В.Б.: А Рейган – он-то был как раз человек интуитивный – понял мгновенно. Мы спросили его после первой встречи в верхах: что, мол, как вам новый генсек? А он криво усмехнулся и сказал: «Коммунист как коммунист. Болтает только много». А объяснить это Тэтчер было никак нельзя. И ведь не я один пытался! Ее штатные помощники тоже как-то пытались ее охладить. Но она не слушала никого.
А.П.: Почему?
В.Б.: У Рейгана все-таки был, так сказать, личный опыт. Он же был главой гильдии актеров в Голливуде в момент чистки Голливуда от коммунистов, так что у него был личный опыт. Он понимал, кто такие коммунисты. А для Тэтчер это была совершенно неизвестная область. Только потом я ее все-таки достал, но – много позже, и премьер-министром она тогда уже не была…
А.П.: А именно?
В.Б.: Я нашел в архиве документ о том, как в восемьдесят четвертом году советские власти секретно передали миллион долларов бастующим британским шахтерам.

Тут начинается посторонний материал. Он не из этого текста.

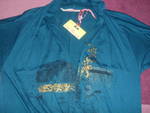 Красиви блузи/туники на Fornarina-много намалениииииииииииии STP600042.JPG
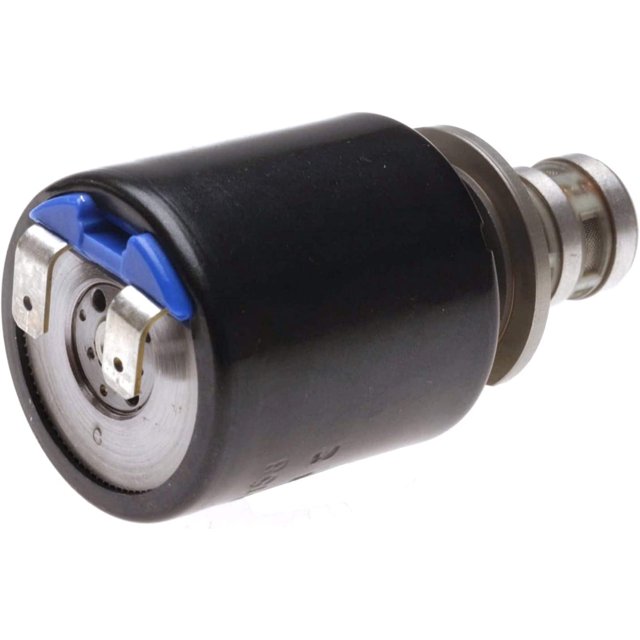 GM Genuine Parts 24220158 Automatic Transmission Pressure Control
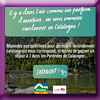 CATALUNYA EXPERIENCE JEU CONCOURS CATALUNYA EXPERIENCE JEU CONCOURS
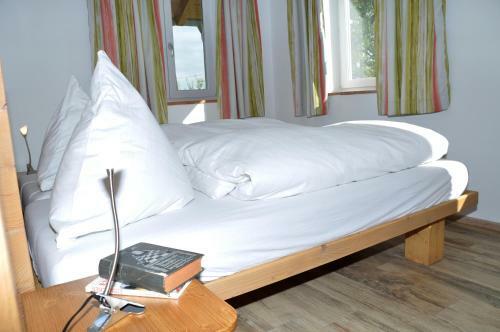 Agroturismo G�stehaus Niedermeierhof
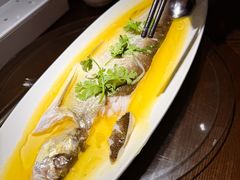 -羲和雅苑•北京烤鸭(乐园道万象城店)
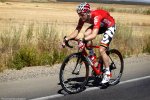 vuelta14st5-pimbig.jpg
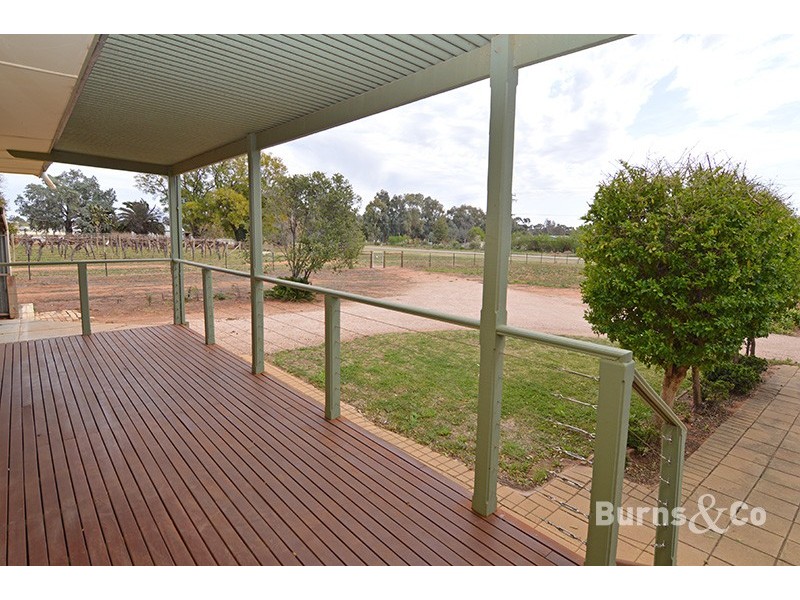 250 Pitman Avenue, Gol Gol NSW 2738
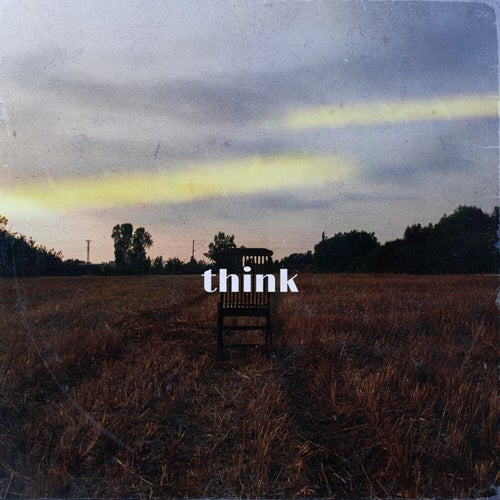 think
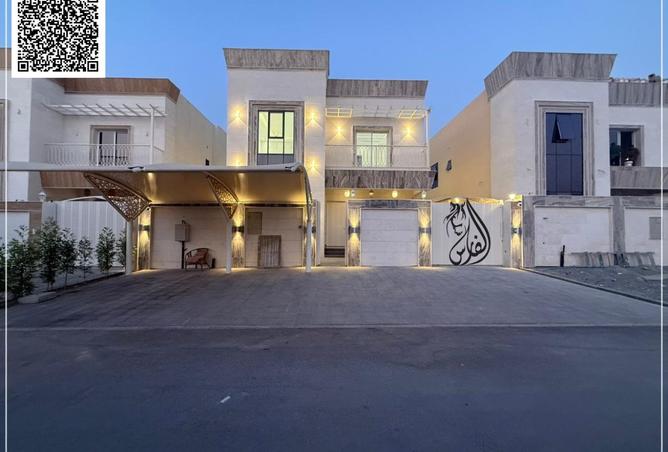 15668208 - الصورة الرئيسية للعقار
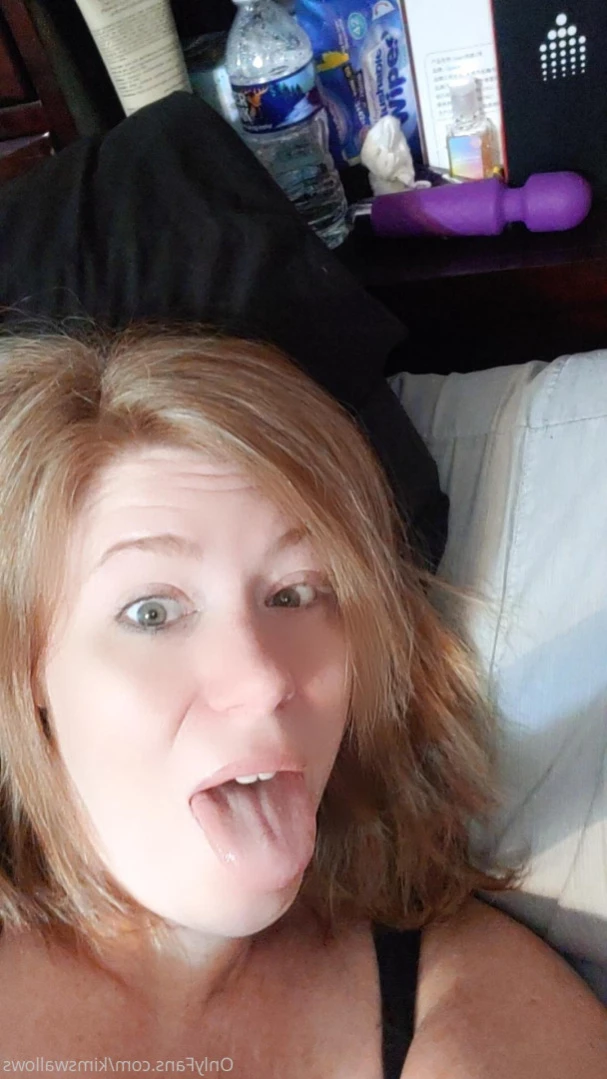 Kim Swallows [ kimswallows ] Onlyfans leaked photo 11184421 on Hotleaks.tv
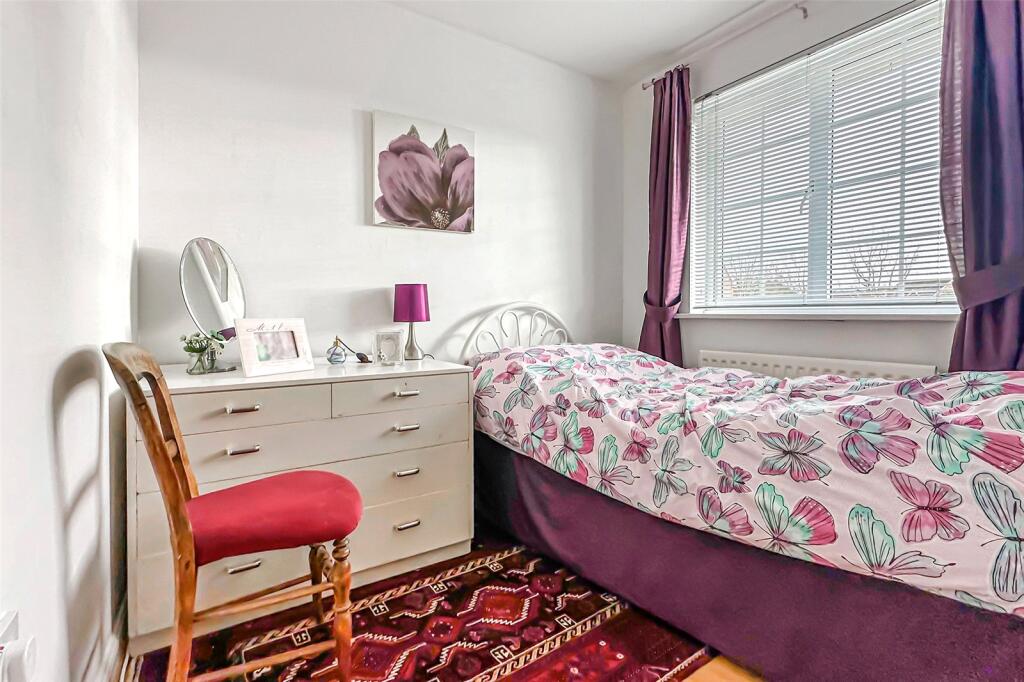 Additional property image - Columbine Way, Littlehampton, West Sussex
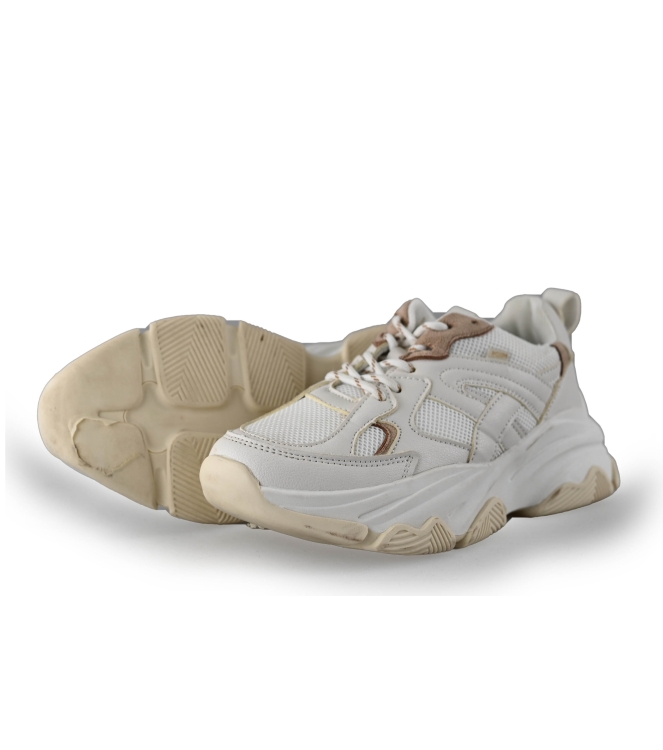 Poelman Sneakers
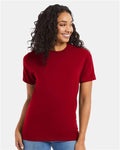 Deep Red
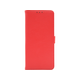 Chameleon Samsung Galaxy A03s - Preklopna torbica (WLG) - rdeča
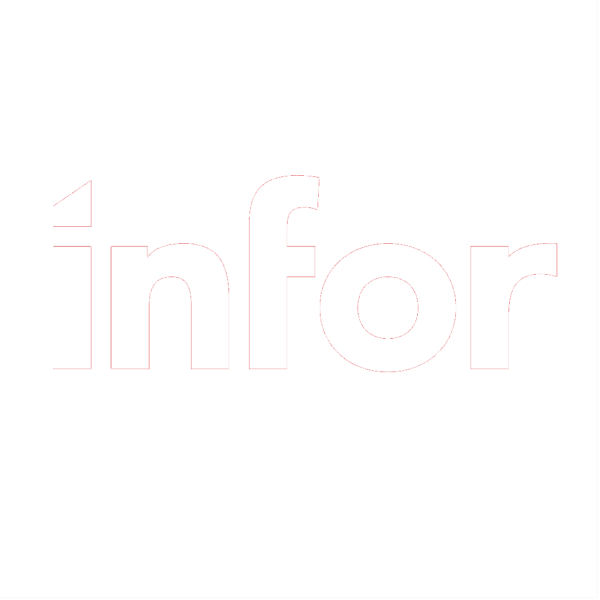 Infor Masterpiece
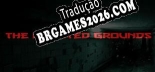 The Haunted Grounds - Localização em Português | Instalação em 5 minutos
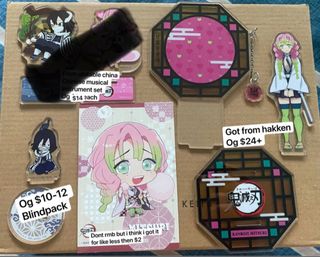 (Category: ) located in . Submitted by _wrwan_mv (Listing ID 1193734346, Image 1). Description: .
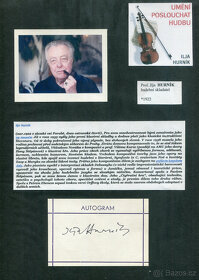 Autogramy/011 - 2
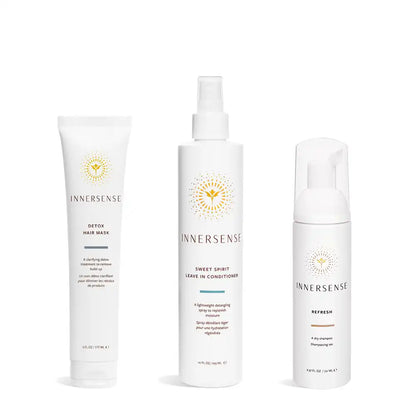 Age Ceremony Bundle for Teens & 20's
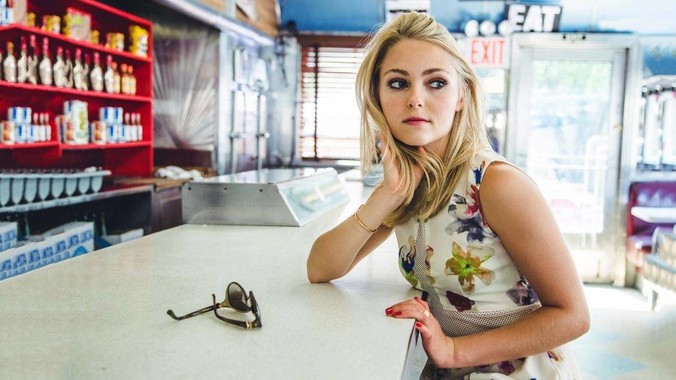 目前美军还有哪些领域是明显领先于解放军的？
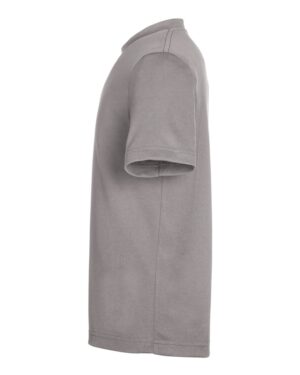 Team 365 Youth Zone Performance Mesh T-Shirt - Image 81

А это для нее был критический момент. Или они, или она – так стоял вопрос. И в этот-то момент советские через Польшу, Париж, Ирландию по кускам передали лидерам шахтеров миллион долларов. Об этом ходили слухи, но точно никто не знал. А я нашел документ – решение. И кто же подписал это решение? Горбачев! Поскольку он был вторым секретарем ЦК, а вопрос решался на секретариате, где он председательствовал, его подпись стоит первой. Я скопировал документ и привез ей. Она увидела и побледнела: «Когда это произошло? Я же именно тогда его спрашивала, а он сказал, что ничего не знает».
Дело в том, что сама она была человеком очень лояльным, очень верным. И даже убеждаясь – были ведь разные случаи – что Горбачев ее обманывает, она продолжала его поддерживать.
А.П.: Но не по политическим ли соображениям? Все-таки перестройку-то начал именно Горбачев. А были ведь и противники…
В.Б.: Конечно, был в этом и расчет – хотя бы тот, что этот лидер будет что-то менять. Что было большой новостью после череды угрюмых старцев с косыми ртами, которые и двух слов сказать не могли. Но знать его цели все-таки было надо. Ведь это все-таки большая разница: демонтировать советскую систему или спасать ее? В одном случае можно такому лидеру помогать, а в другом – никак не надо. Но Запад этого не понял и не понимает до сих пор. Горбачев у них до сих пор – великий герой.
А.П.: А как Тэтчер относилась к Ельцину?
В.Б.: С симпатией. Ее вообще очень интересовала Россия – притом, что она, повторяю, знала о ней не больше, чем любой читающий человек. Кстати, она абсолютно точно поняла Путина.
А.П.: То есть?
В.Б.: Как диктатора. Как тирана, который хочет уничтожить все элементы свободы, ее первые, хотя и робкие, ростки. Вернуть страну назад в советское прошлое. Это она поняла.
А.П.: Вы разговаривали на эти темы?
В.Б.: Да. Последний раз это было года четыре назад. У нас был общий друг – Джон О’Салливан, известный журналист и, помимо всего прочего, давний сотрудник Тэтчер и, кстати, ее спичрайтер. Он написал тогда книгу – о римском папе, о Рейгане и о ней. И Маргарет пришла на презентацию – из чистой солидарности. Хотя сделать это ей было уже трудно. И мы с ней – в который уж раз – поговорили о нынешней России. Она говорила о том, как ей жаль, какое это несчастье, что страна все никак не может выкарабкаться. О том, что уж вроде бы началось, и можно было потихоньку вылезать из этой кучи. И надо же – опять все назад… Она болела за Россию.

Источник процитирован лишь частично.